Christa ne porte pas son bracelet de perles auquel elle dit tenir plus que tout et qu’elle ne quitte pratiquement jamais. Elle n’a pas non plus sa bague montée d’un gros solitaire. Ses longs doigts semblent nus et fragiles, plus vieux tout à coup.
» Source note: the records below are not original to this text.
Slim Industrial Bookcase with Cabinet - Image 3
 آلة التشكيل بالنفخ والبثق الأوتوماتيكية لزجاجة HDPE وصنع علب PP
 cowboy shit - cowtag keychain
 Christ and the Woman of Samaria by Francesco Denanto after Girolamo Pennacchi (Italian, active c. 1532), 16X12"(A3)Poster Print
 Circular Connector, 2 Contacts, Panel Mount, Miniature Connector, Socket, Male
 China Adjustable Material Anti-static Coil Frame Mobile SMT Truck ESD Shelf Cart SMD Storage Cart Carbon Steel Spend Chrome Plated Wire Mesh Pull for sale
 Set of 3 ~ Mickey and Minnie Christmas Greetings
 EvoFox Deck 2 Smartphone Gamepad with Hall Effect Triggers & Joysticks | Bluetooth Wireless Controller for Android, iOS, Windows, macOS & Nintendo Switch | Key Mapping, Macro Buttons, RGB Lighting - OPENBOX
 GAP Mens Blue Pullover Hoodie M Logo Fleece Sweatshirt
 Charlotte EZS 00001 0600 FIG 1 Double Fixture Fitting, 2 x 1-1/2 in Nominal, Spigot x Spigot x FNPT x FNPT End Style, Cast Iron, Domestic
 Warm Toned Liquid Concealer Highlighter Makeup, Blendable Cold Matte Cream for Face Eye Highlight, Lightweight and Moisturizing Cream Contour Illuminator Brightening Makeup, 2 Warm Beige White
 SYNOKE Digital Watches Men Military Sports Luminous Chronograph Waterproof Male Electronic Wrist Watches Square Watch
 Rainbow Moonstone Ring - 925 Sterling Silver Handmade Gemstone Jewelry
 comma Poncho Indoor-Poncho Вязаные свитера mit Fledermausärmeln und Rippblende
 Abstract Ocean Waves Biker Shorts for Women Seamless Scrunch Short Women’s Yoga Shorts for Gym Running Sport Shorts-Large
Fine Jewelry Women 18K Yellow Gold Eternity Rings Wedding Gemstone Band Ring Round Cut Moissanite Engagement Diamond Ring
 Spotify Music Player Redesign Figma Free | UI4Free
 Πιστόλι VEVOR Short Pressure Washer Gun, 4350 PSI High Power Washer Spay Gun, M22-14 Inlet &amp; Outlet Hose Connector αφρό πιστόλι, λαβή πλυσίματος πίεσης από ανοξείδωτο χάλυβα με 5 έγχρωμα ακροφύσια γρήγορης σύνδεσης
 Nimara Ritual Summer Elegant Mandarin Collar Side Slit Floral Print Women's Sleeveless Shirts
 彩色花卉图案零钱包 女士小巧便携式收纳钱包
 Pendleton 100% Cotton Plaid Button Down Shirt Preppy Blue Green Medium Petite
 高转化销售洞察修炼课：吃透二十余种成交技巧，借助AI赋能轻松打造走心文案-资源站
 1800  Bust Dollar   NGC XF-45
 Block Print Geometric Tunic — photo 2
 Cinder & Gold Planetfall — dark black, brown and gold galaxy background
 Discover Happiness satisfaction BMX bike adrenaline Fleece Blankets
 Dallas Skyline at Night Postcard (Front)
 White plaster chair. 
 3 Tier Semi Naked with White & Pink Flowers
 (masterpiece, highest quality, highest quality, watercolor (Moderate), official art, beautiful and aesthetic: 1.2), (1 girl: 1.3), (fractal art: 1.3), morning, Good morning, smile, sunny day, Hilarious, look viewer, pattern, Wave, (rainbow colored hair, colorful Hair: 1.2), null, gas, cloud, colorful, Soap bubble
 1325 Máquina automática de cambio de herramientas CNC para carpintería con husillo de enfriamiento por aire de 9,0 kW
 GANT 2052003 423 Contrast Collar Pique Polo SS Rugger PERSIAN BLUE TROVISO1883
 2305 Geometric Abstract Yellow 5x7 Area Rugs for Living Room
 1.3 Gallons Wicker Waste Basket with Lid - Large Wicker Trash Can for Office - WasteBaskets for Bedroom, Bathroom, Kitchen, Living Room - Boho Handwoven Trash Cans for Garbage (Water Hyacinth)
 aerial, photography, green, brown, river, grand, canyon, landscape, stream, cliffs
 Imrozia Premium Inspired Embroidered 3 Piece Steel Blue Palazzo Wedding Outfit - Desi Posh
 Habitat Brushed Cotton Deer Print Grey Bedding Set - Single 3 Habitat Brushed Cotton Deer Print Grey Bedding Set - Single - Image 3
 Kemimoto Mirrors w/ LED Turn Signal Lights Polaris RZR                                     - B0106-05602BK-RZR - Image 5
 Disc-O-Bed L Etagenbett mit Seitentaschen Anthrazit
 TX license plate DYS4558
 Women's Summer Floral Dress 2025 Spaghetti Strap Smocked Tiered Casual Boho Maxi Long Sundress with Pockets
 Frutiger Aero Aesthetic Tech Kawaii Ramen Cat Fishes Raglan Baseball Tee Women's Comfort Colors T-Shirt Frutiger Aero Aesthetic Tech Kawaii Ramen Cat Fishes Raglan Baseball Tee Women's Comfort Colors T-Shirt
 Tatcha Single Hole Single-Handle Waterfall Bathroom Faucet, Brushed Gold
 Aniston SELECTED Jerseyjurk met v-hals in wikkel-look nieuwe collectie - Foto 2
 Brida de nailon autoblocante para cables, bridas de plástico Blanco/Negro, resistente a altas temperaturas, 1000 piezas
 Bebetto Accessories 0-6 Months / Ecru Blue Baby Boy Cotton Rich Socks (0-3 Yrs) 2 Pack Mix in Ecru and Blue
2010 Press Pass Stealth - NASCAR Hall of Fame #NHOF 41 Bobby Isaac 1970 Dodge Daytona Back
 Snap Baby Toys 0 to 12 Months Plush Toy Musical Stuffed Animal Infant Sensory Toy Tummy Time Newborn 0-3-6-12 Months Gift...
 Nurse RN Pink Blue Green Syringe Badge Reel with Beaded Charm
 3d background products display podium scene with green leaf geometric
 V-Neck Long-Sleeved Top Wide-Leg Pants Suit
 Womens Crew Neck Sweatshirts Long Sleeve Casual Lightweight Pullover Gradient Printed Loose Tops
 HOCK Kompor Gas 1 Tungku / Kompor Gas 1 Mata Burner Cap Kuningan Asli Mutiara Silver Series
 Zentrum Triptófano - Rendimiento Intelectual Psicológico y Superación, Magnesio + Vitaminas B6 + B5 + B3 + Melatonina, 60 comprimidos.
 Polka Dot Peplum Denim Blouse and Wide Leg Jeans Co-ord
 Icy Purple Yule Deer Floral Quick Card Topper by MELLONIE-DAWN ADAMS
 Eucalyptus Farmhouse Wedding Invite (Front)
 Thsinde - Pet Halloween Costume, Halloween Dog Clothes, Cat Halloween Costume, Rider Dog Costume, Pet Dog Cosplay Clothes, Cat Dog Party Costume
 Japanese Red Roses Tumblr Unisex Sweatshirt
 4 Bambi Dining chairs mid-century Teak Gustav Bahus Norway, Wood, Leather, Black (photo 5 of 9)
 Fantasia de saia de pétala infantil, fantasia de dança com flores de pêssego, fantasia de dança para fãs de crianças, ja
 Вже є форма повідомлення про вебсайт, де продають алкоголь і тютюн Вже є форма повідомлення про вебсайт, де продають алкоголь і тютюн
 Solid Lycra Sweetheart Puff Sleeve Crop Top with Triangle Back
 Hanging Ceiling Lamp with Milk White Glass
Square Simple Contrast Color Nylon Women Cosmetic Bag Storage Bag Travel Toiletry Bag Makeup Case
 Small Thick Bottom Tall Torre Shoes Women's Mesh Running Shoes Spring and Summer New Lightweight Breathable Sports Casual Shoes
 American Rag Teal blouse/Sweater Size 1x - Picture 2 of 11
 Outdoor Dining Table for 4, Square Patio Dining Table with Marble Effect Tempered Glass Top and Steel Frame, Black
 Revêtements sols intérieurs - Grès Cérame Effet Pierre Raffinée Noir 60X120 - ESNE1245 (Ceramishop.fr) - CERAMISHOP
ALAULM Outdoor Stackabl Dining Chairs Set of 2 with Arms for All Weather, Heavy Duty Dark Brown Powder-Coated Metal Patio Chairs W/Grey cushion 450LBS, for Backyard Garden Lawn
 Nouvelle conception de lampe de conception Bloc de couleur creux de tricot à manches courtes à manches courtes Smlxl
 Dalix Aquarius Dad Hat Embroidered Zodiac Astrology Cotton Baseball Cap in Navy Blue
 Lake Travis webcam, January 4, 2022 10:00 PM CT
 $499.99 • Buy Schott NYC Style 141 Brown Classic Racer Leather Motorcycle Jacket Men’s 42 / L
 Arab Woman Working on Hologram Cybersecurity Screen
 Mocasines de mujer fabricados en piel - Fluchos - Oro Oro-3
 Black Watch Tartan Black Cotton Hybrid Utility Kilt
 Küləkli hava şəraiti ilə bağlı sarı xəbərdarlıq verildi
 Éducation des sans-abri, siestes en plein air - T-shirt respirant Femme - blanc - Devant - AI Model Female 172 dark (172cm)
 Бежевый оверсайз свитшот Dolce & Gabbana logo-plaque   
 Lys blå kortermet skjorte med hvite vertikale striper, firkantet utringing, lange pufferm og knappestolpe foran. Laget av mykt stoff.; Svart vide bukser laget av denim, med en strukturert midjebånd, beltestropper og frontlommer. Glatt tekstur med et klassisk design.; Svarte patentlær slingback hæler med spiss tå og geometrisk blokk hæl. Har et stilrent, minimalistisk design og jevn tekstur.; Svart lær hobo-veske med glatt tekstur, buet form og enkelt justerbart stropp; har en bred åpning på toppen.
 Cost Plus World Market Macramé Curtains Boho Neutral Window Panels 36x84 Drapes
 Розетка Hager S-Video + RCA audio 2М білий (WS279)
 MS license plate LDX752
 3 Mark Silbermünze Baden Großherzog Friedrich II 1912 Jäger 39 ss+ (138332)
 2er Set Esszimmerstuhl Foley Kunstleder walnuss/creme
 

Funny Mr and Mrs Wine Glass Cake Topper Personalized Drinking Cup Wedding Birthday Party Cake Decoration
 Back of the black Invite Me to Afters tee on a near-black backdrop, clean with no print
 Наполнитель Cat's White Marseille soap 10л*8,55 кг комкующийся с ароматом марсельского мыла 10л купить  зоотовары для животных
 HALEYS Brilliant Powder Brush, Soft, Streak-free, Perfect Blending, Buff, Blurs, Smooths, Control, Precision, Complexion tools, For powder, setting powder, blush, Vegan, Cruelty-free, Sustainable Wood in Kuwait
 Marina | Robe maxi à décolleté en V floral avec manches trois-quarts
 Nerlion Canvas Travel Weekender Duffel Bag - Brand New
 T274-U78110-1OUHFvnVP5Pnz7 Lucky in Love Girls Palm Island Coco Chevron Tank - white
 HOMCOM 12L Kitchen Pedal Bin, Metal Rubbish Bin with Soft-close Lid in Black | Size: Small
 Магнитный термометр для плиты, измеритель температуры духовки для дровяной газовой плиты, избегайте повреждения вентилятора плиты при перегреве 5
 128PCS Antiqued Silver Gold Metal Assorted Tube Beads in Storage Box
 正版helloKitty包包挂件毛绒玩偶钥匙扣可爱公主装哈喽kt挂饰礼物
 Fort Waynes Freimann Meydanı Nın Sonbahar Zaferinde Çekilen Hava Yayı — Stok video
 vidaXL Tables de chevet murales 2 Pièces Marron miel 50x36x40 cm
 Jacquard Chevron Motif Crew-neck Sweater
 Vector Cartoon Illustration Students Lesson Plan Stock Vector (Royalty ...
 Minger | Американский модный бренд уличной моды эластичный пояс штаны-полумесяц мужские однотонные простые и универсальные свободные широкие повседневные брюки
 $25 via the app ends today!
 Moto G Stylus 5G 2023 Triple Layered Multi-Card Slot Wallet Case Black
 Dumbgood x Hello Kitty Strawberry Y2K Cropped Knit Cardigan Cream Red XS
— Où as-tu mis tes bijoux, Maman ?
— Dans la cheminée… Sous le foyer, il y a un petit trou. Tu les trouveras, au besoin.
— Au besoin ?
Elle soupire et ferme les yeux. Il la regarde, vaincue et désordonnée. La robe relevée qui découvre le haut de ses bas et sa chair rose, son entrejambe impudique. Elle ronfle déjà, abandonnée à ses démons. Rodolphe la recouvre d’un édredon et s’efface. Il vient d’entrer dans la vie.
17
Par autorisation spéciale du Führer, je vous déclare indisponibles pour le service militaire, en vue de missions propagandistes et culturelles.
Docteur Goebbels
Trois musiciens se trouvent dans le bureau de Furtwängler. Bastiaan, Erich Hartmann, la nouvelle contrebasse, Alfred Hornoff, un second violon.
— Regardez, Maître.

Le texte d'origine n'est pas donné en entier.